Sherlock si fiondò su suo fratello e sigillò le loro labbra in un bacio. I monitor bipparono con forza, il battito cardiaco del politico salito alle stelle per colpa di quel gesto proibito al quale non si era mai permesso di pensare.
Il più giovane si separò di colpo da lui quando una serie di medici entrarono di corsa a controllare il paziente. Mycroft li confortò, gli occhi che tornavano a Sherlock ogni tanto.

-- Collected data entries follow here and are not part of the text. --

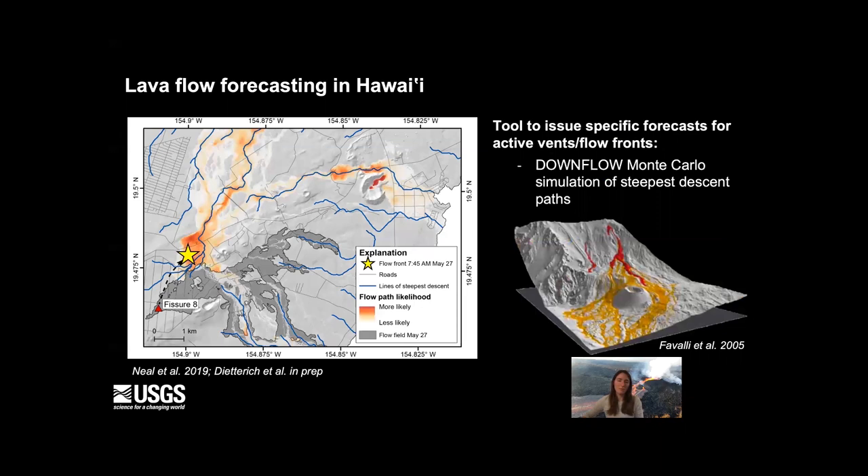In this eruption, we wanted a tool to forecast from specific active new vents, active overflows, or flow fronts, while still incorporating the terrain. So we employed the Downflow model from Favali et al. at INGV Pisa, which allows you to simulate many lava steepest descent lines from a given location with stochastic perturbation of the topography. This allows the flows to spread a little bit, to overcome small topographic obstacles and behave more like a lava flow. We can display the results probabilistically in terms of how frequently a given area has forecast lava flow paths going through it.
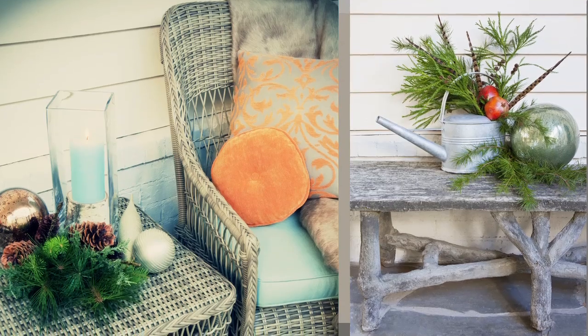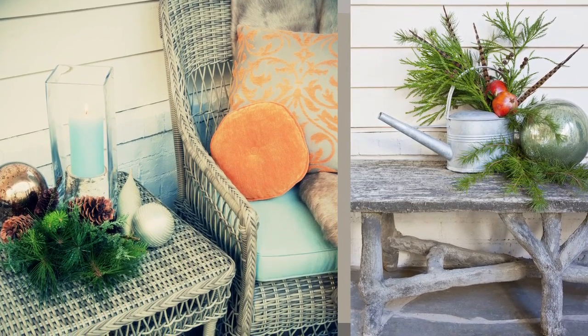Everything you see out here — the furniture and the Loribel fabrics — are all available at our showroom, Steve McKenzie's on the west side.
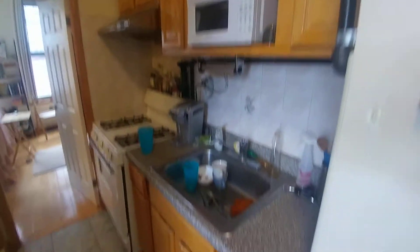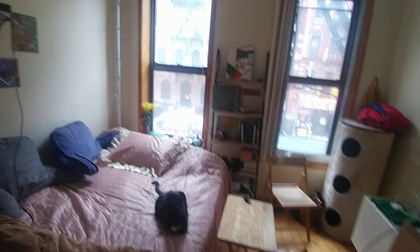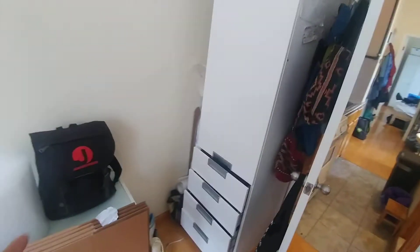And as we come by the kitchen, we have the second bedroom, which has two windows. It extends 11 and a half by 11, and does have a movable closet and dresser unit, which will come with this apartment.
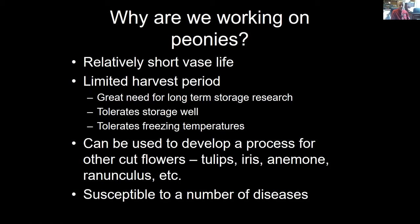Anything we do to get peonies to last longer can help with related cut flowers — in particular, any of the cool-season cut flowers that are generally grown cool and stored very cold, such as tulips, iris, anemone, and ranunculus. And for Gary, there is a fairly long list of diseases on peonies that requires a lot of research to help control those diseases and keep the crop economical.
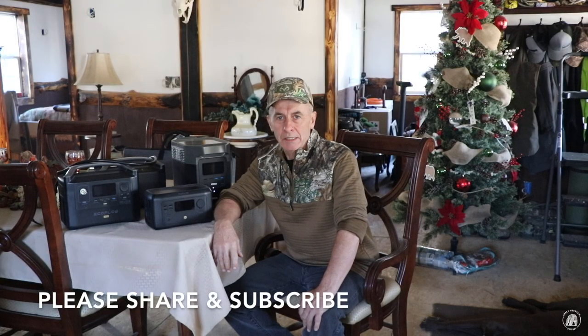Well, good morning everyone and welcome back to the cabin! Looking over my shoulder you can tell it is almost Christmas time. My son, my daughter, and I want to wish everyone happy holidays.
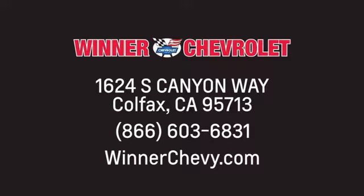Winner Chevrolet. Call or stop in today. We're conveniently located at 1624 South Canyon Way in sunny Colfax, California.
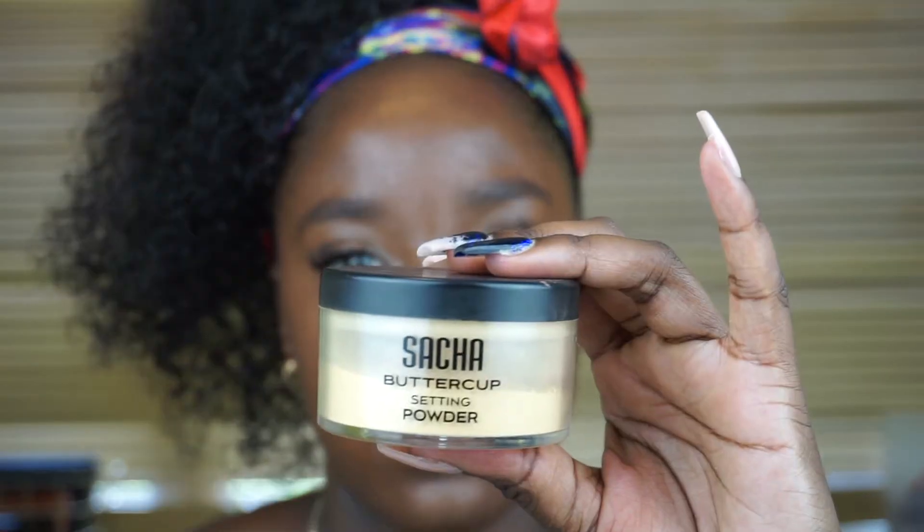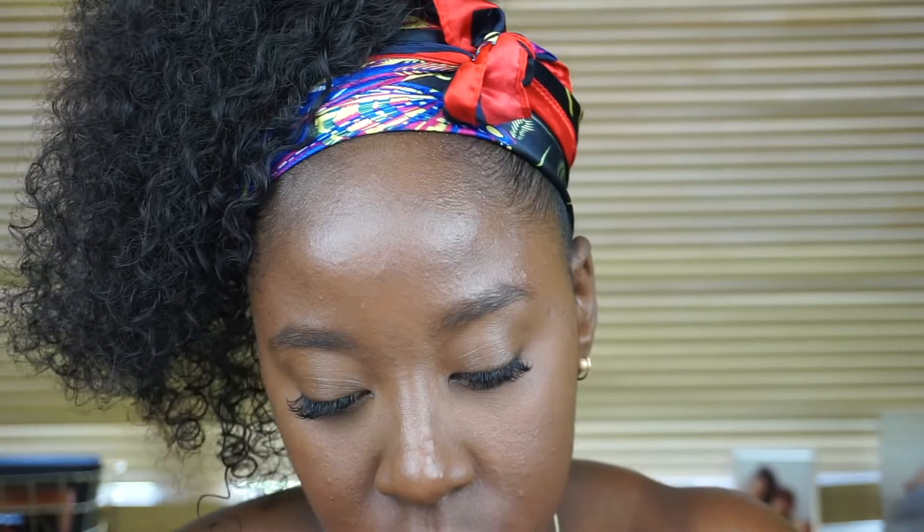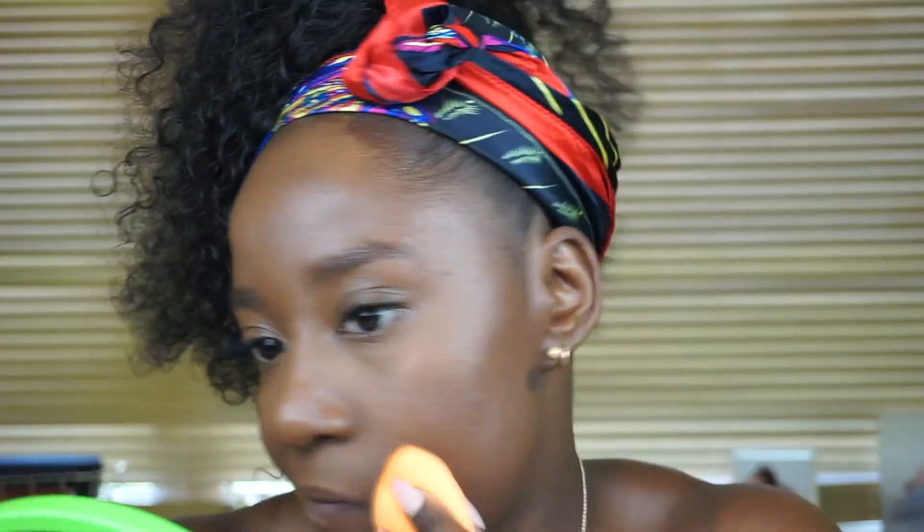Now that my concealer is down, I set it using Sacha's Buttercup Setting Powder — just the smallest amount because a little goes a long way and I don't want to look cakey. I then set the rest of my face using the Bare Minerals Powder Foundation with matte finish. Just take your favorite fluffy brush to do this.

I medici non gli permisero di togliersi gli elettrodi che lo collegavano ai monitor e gli dissero di stare attento alle emozioni.
Sherlock si riavvicinò al letto del fratello, timoroso di aver passato un limite eccessivo. Mycroft chiuse gli occhi ed aprì le braccia verso di lui. Sherlock lo guardò incerto, poi, stando attento ai fili, salì sul letto del fratello e appoggiò la testa sul suo cuore. Il battito normale, il cui battito veniva scandito dai bip dei vari macchinari, tranquillizzava non poco il detective.
Mycroft strinse a se il suo fratellino, come quando erano piccoli e Sherlock si rifugiava nel suo letto dopo un incubo. “Sssh è tutto ok Sherlock, sono qui, va bene”
“Non lo rifare mai più” mormorò il detective sul petto dell’altro. Erano entrambi molto più consapevoli della presenza degli organi che loro tanto disprezzavano. I loro cuori sembrarono battere all’unisono da quel giorno in poi, quasi come una magia.